» YOUR OBJECTIVE
Would you copy, word for word, each line from the one with "Schmick Pebble Grey" to the end of the listing below, skipping all pictures?

# # # # # # #

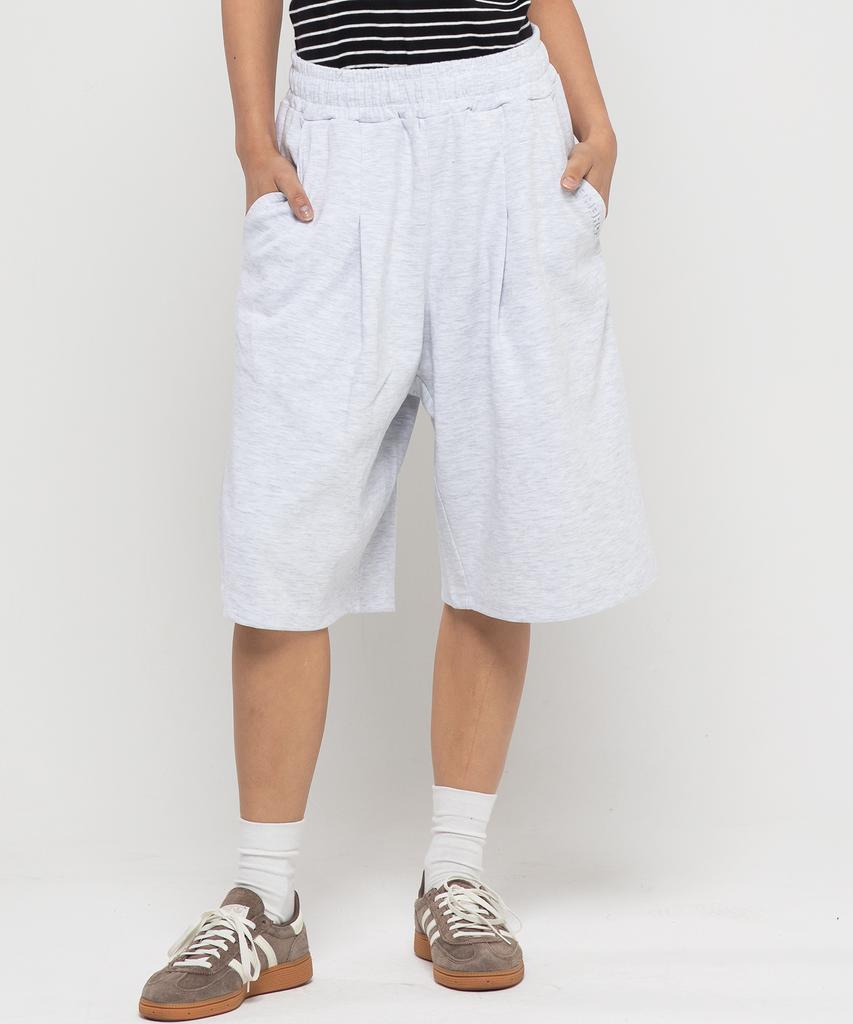 CHAMBROS Point Logo Embossed One-Pleat Sweat Shorts Bermuda Pants [White Melange]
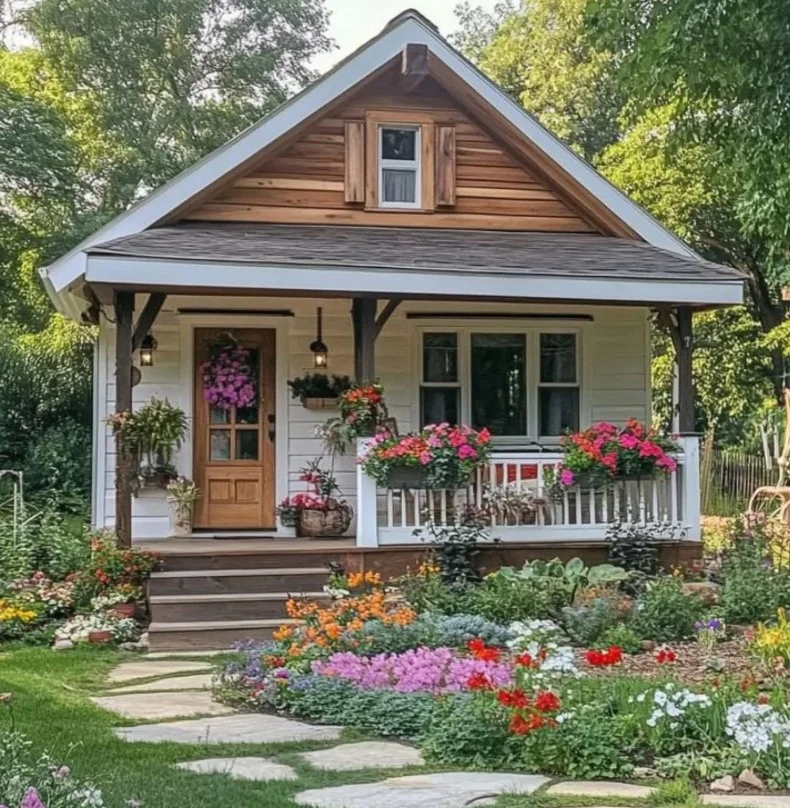 tiny front porch with railing planter box greenery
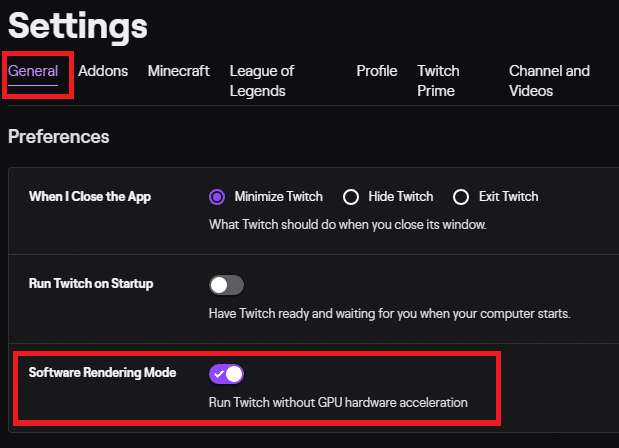 toggle on Software Rendering Mode. Fix Twitch Mods Not Loading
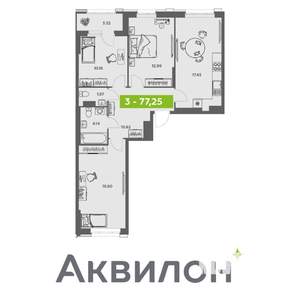 3-к квартира, вторичка, 77м2, 14/16 этаж
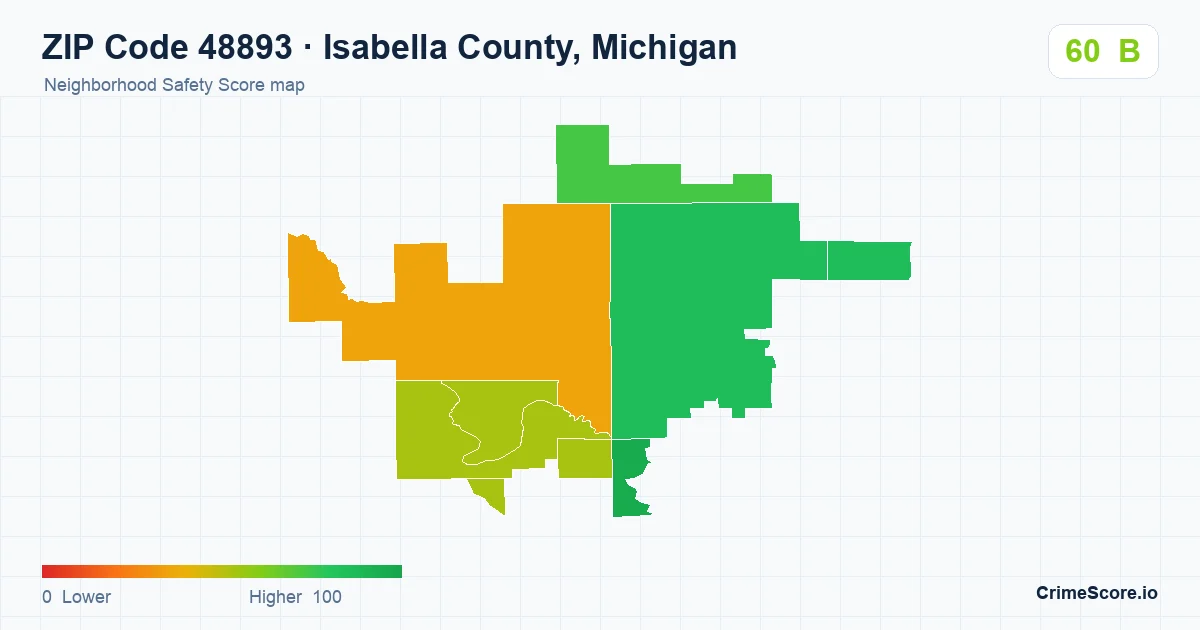 ZIP Code 48893 in Isabella County, Michigan neighborhood Safety Score map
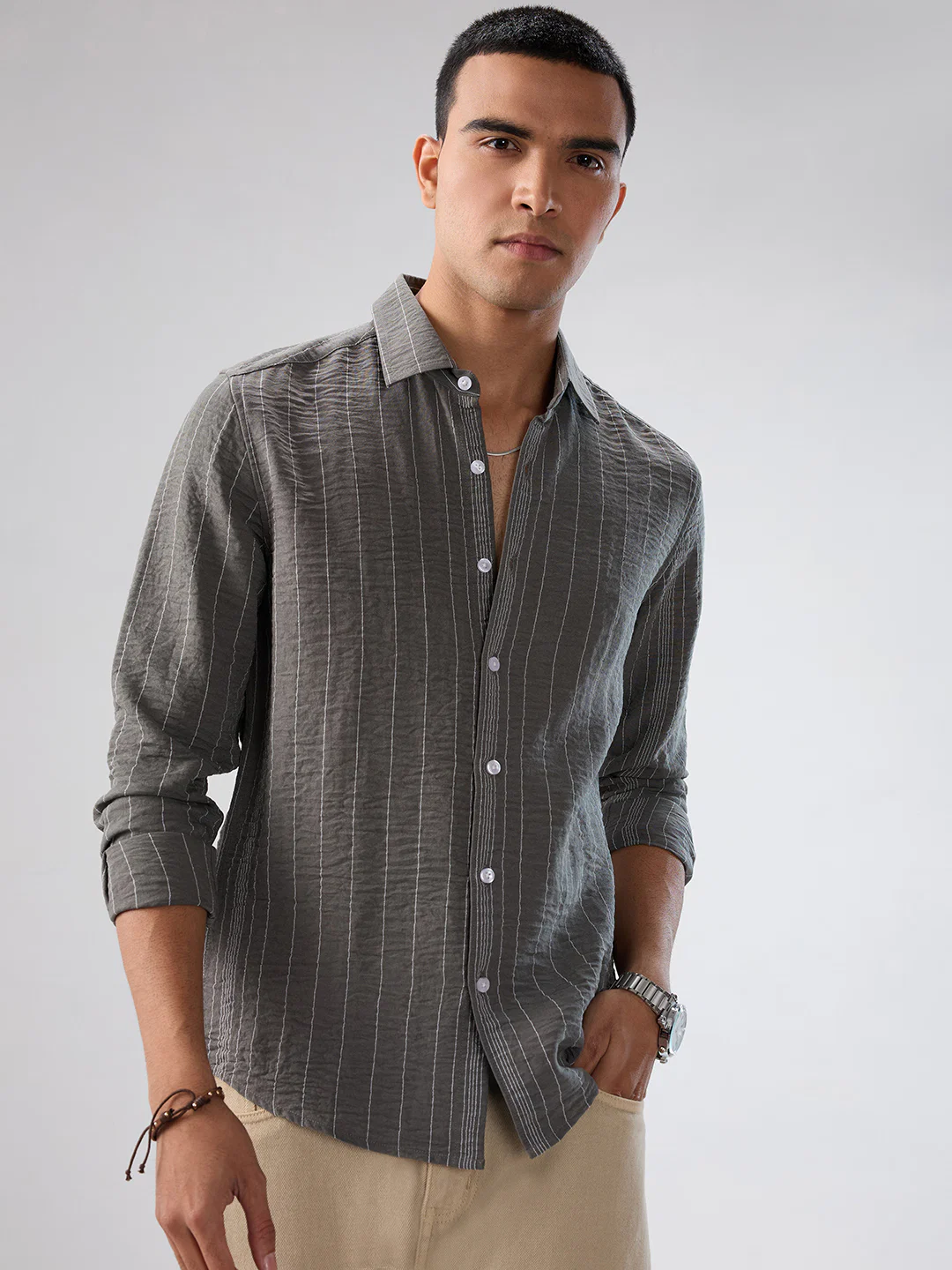 Schmick Pebble Grey Pinstripe Shirt - Image 4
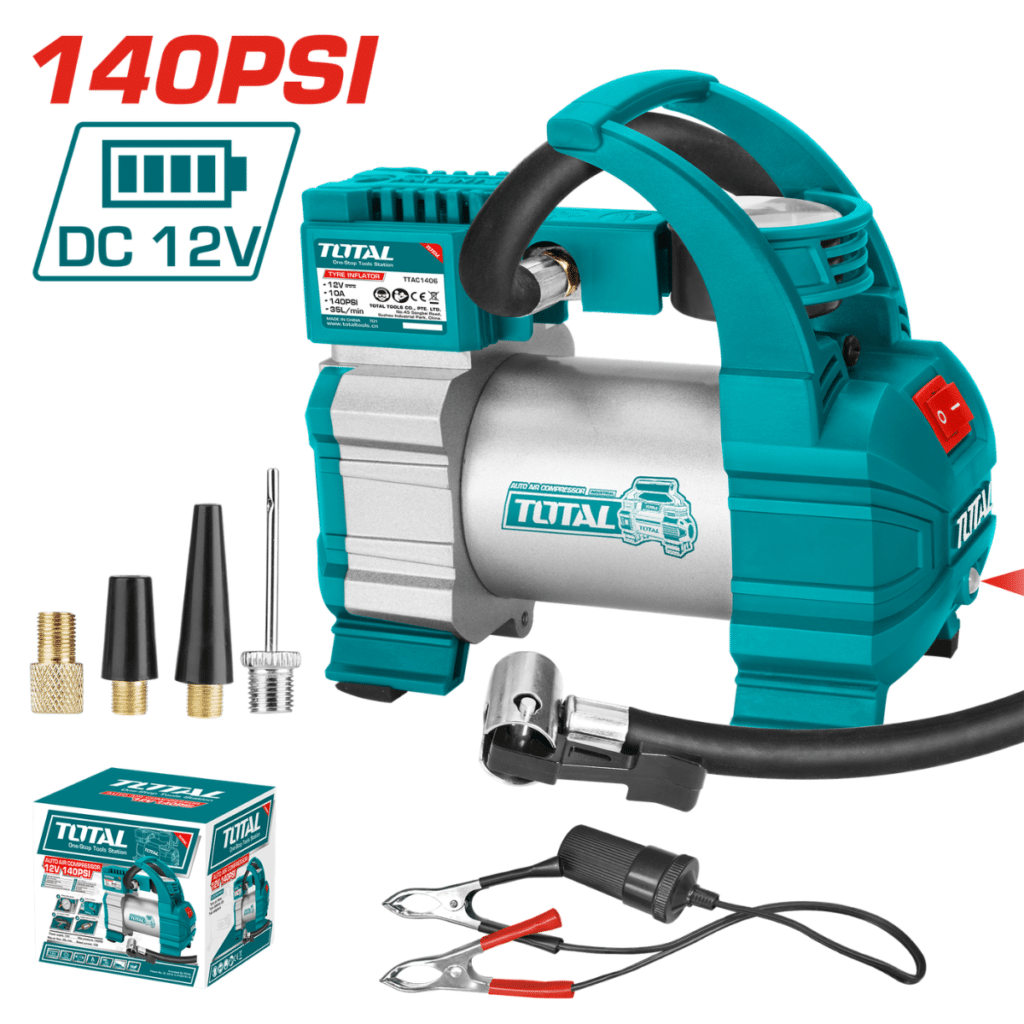 MINICOMPRESOR DE AIRE PARA AUTOMÓVILE  140 PSI 12V 10A  TOTAL – TTAC1406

# # # # # # #

» SOLUTION TO THIS PROBLEM
 Schmick Pebble Grey Pinstripe Shirt - Image 4
 MINICOMPRESOR DE AIRE PARA AUTOMÓVILE  140 PSI 12V 10A  TOTAL – TTAC1406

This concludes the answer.